Ниже мы рассмотрим основные виды субъективного элемента состава международного преступления и понятия, имеющие важное значение для установления этого элемента:

 

6.3.1. Намерение

Намерение (англ. intention, лат. dolus) означает желание, нацеленное на достижение определенного результата (например, смерть гражданского лица или военнопленного, разрушение гражданского объекта и т.п.). Таким образом, данная форма вины соответствует термину «прямой умысел» российского уголовного права.

Намерение требуется для большинства международных преступлений. Антонио Кассезе иллюстрирует этот вид субъективного элемента следующим примером: «Я хочу убить гражданское лицо, поэтому я в него стреляю, и оно умирает в результате моего действия. Следовательно, я должен понести ответственность за это преступление. Или иначе: я думаю, что после моего выстрела оно мертво, но фактически оно не умерло. Оно умирает позже от переохлаждения, потому что его оставляют на холоде. Не имеет значения, что оно было убито не мною, потому что: (1) я желал, чтобы оно умерло (mens rea); и (2) оно умерло в результате моих действий (потому что этот человек не лежал бы мертвым, если бы не мои действия). Как правило, намерение должно быть связано только с определенным результатом (смерть жертвы), а не с определенным результатом, вызванным определенным поведением»[10].

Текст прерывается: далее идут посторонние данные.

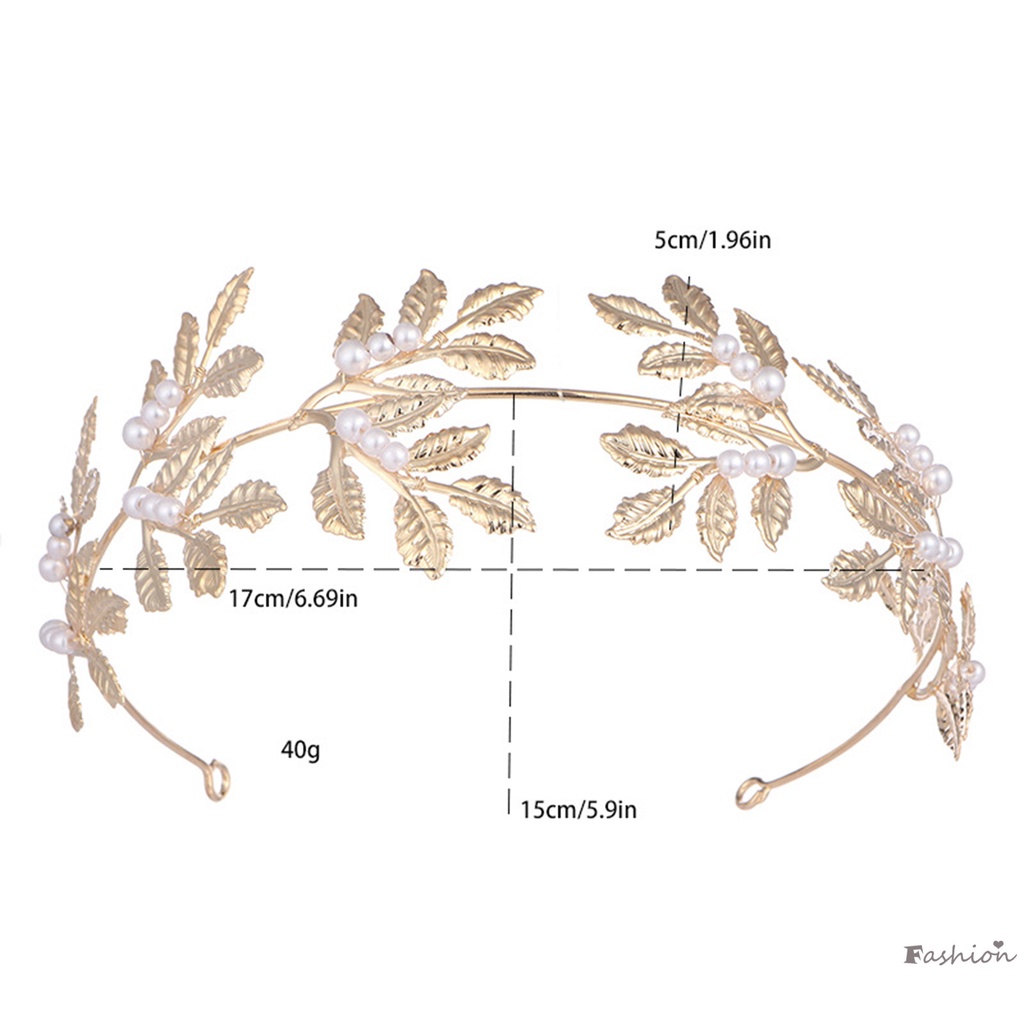 Băng Đô Cài Tóc Hình Vương Miện Đính Ngọc Trai Sang Trọng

При доказывании намерения суды обычно исходят из презумпции, в соответствии с которой любой человек, находящийся в здравом уме, намеревается достигнуть тех самых последствий, которые становятся естественным результатом его действий. Как подчеркивает Вильям Шабас, в основе этой презумпции лежит очевидное предположение, что люди, которые совершают действия или упущения, поступают намеренно, если отсутствуют признаки обратного. Таким образом, бремя доказывания того, что лицо фактически не намеревалось совершить инкриминируемый ему акт, лежит на обвиняемом[11].

Намерение, как правило, доказывается косвенными уликами, и прежде всего – поступками и словами самого обвиняемого.

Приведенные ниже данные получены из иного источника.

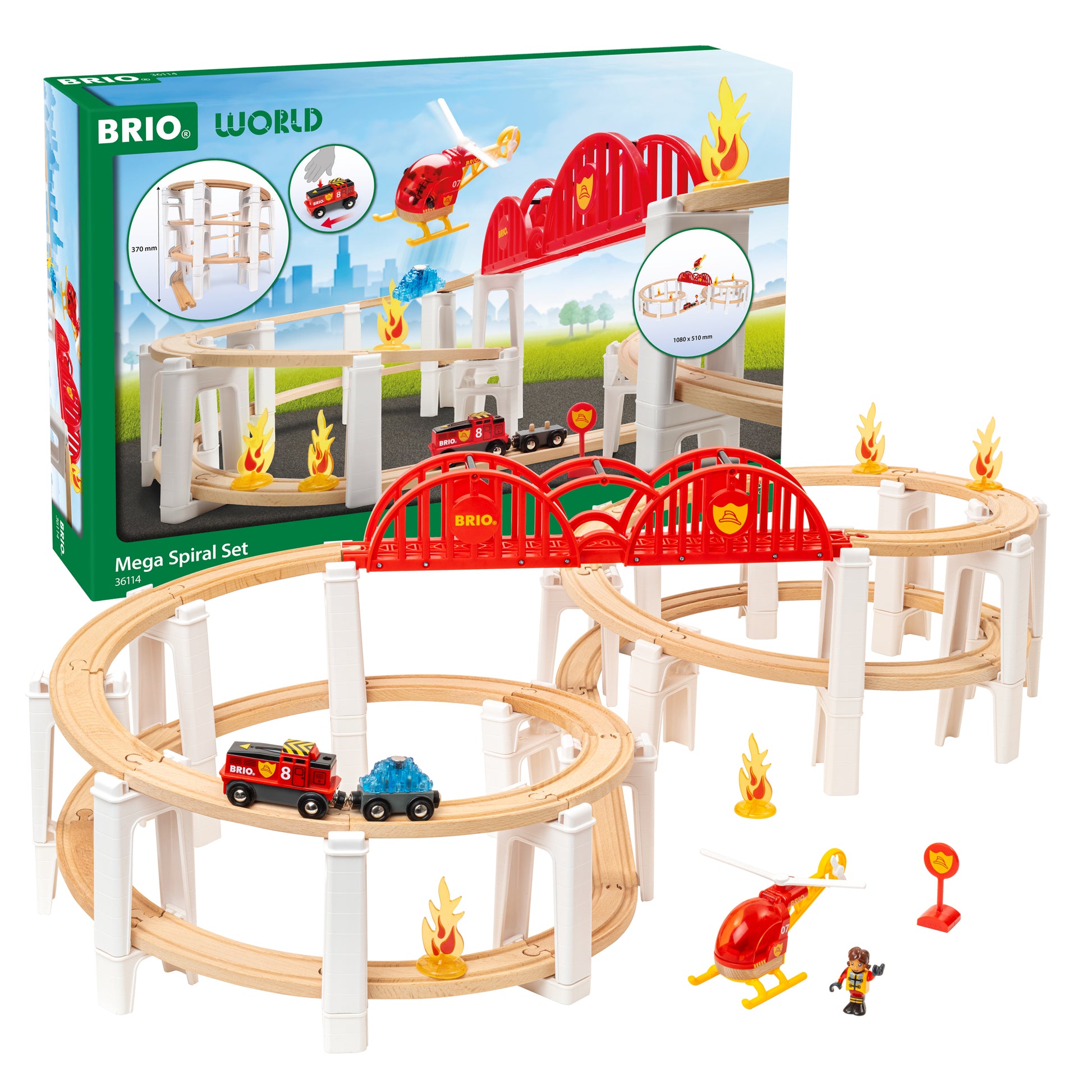 BRIO World Mega Spiral Set 73-piece wooden railway with battery-powered train, spiral supports, bridge, helicopter and cargo accessories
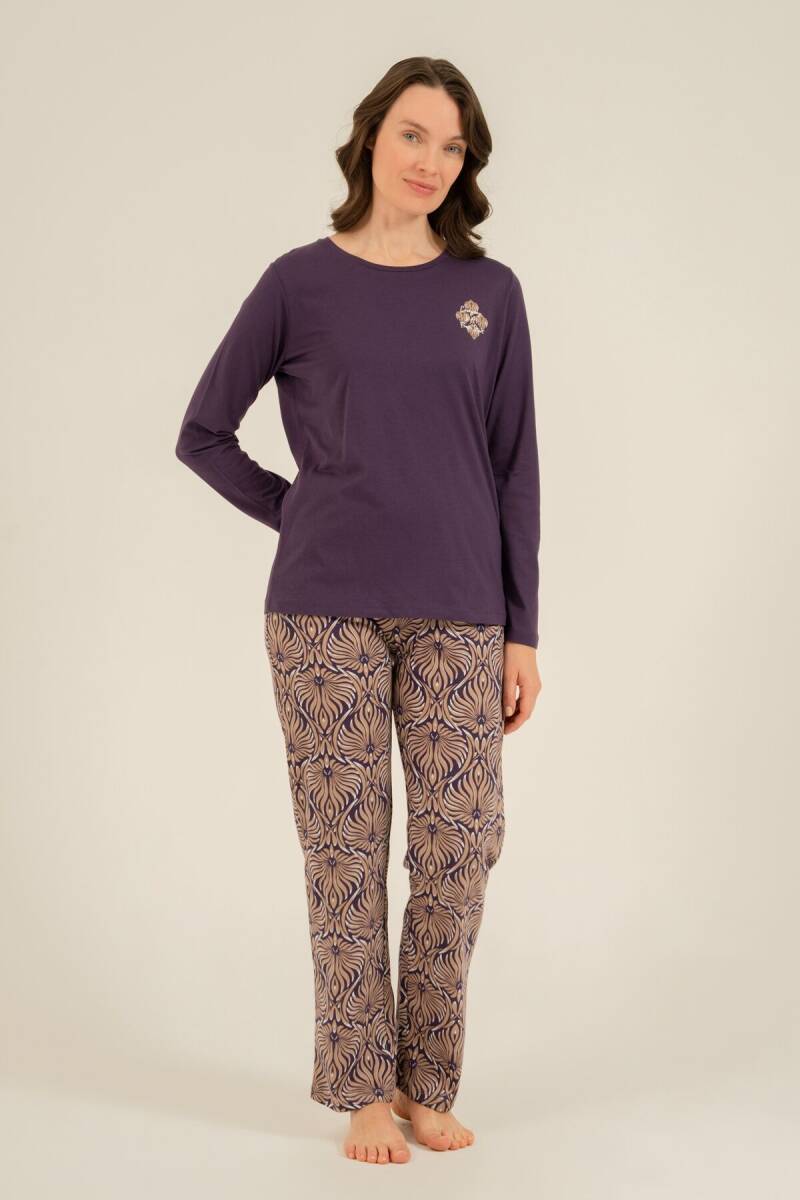 Arnetta Kadın Pamuklu Everyday Is A Fresh Start Mor Uzun Kol Pijama Takım AR3769-S-V1 - 8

В деле Йоханна Нейтза (Военный суд Канады, 1946 г.) обвиняемый ранил пленного канадского летчика, что привело к смерти жертвы. При обсуждении проблемы намерения обвиняемого Военный прокурор заявил: «Намерение не может быть установлено при помощи положительных доказательств, и, соответственно, выводится из откровенных действий. Свидетельство конкретных действий – чаще намного лучшее свидетельство, чем свидетельство самого человека, который, в конце концов, только один достоверно знает, что думает. Суд не может изучить ум, чтобы увидеть, что там происходит. Человек может категорически возражать относительно его намерений, но такие показания могут определяться человеческой слабостью или человеческим вероломством. В связи с этим намерение выводится из откровенного действия. Это простое применение принципа, что действия говорят громче, чем слова, и, я добавлю, зачастую и более правдиво. Это известный принцип права, что человек, как предполагают, желал наступления естественных последствий своих действий. Если один человек преднамеренно ударяет другого по голове топором, закон предполагает, что он намеревался убить другого. Точно так же, если один человек стреляет в другого, будет предполагаться намерение убить. <...> Если человек направляет оружие на другого и преднамеренно стреляет, предполагается, что он намеревается убить другого. Однако это – предполагаемый факт, который может быть опровергнут»[12].

<...>

В деле Горана Елисича МТБЮ с целью установить, имел ли обвиняемый намерение на геноцид, подробно проанализировала его высказывания, в которых, как показали свидетели, он сообщал жертвам о своем желании истребить всех мусульман или их существенную часть[13] (подробно см. об этом деле ниже, раздел).

Разновидностью намерения является преднамеренность, когда намерение участвовать в поведении, нарушающем материальную норму международного права, формируется прежде, чем такое поведение фактически осуществляется. Преднамеренность может быть элементом такого вида участия в международном преступлении, как его планирование[14].